■ What you are asked to do ■
Where in the data does the word "Grilling" appear? Find those lines and copy them.

■ Source material ■
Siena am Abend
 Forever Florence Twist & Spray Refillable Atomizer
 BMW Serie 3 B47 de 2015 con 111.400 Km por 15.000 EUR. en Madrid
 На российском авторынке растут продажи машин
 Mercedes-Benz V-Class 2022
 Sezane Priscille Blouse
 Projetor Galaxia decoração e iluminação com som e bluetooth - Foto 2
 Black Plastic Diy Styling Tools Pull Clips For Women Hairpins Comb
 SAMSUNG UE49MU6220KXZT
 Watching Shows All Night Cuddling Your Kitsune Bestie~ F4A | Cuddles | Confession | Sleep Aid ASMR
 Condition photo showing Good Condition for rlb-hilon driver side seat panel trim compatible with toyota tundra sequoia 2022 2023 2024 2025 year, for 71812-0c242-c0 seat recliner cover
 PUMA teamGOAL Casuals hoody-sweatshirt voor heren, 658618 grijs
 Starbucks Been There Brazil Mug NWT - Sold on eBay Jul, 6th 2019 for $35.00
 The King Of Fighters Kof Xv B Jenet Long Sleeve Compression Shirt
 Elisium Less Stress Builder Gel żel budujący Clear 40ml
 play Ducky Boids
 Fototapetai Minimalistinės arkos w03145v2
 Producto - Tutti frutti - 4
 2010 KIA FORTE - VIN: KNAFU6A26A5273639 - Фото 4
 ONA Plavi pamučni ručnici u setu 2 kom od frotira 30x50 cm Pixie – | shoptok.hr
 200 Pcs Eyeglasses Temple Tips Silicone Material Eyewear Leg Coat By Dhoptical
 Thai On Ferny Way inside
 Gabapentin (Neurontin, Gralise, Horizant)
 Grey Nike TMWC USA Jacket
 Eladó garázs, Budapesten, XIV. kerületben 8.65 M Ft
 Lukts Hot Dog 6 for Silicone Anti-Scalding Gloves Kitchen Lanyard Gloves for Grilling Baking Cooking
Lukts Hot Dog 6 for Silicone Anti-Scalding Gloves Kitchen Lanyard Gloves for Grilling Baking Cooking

■ Answer space ■
 Lukts Hot Dog 6 for Silicone Anti-Scalding Gloves Kitchen Lanyard Gloves for Grilling Baking Cooking
Lukts Hot Dog 6 for Silicone Anti-Scalding Gloves Kitchen Lanyard Gloves for Grilling Baking Cooking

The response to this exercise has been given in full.